Distributed together with: Anonymity, Intimacy and Self-Disclosure in Social Media (full citation below).
This dataset contains self-disclosure items with various levels of intimacy and valence. The items can be used to study self disclosure under various settings. We also include below the source data from an experiment that used these items to study the effect of anonymity and audience on comfort level of self-disclosure.

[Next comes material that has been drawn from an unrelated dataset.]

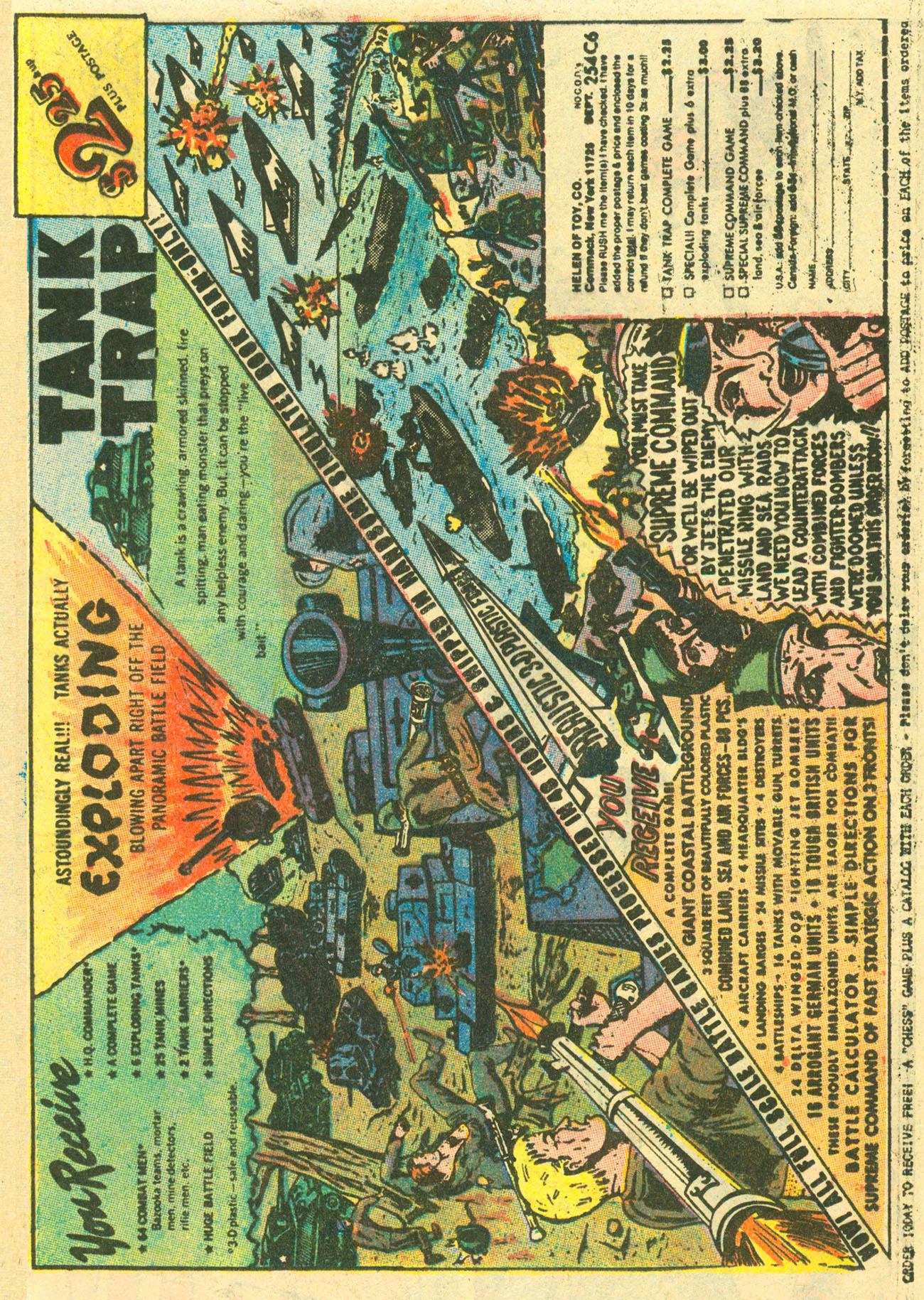 Read online The Six Million Dollar Man [comic] comic -  Issue #8 - 17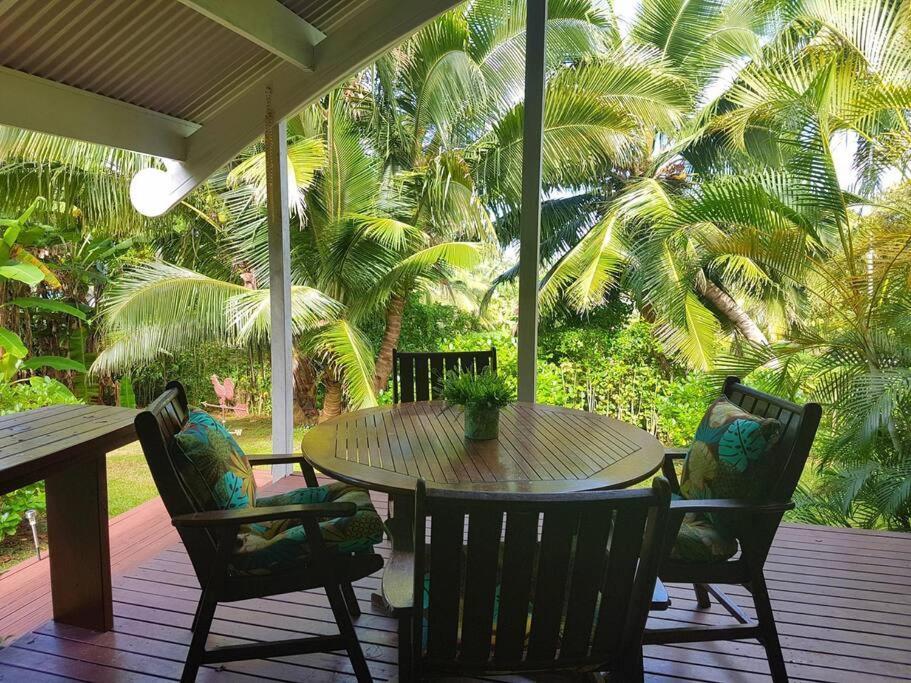 Holiday home Are Ara - House Of Pineapple Titikaveka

The details of the item development are provided in the paper. We developed 36 items (18 positive, 18 negative) that cover six topical categories:
(1) Tastes and Interests;
(2) Attitudes and Opinions;
(3) Work or Studies;
(4) Economic and Social Status;
(5) Interpersonal Relations and Self-Concept;
(6) Physical Appearance and Sex;
- The items are available in
self-disclosure-items.csv
file that contains:- id
- text
- category
- valence
- intimacy mean and standard deviation (N = 269) as detailed in the paper
We used the self-disclosure items to run a Mechanical Turk experiment to investigate how the identification and audience features of the social media platform design moderate the relationship between content intimacy and willingness to self-disclose. details of the experiment and participant recruiting are provided in the paper.
-
The
experiment-data.csv
contains participant responses used in the analysis (N = 269) after the filtering process detailed in the paper. The file contains multiple rows, each including:- participant id
- condition assigned
- intimacy rating given by the participant
- willingness to self-disclose
- age
- gender
- area of residence (Urban/Suburban/Rural)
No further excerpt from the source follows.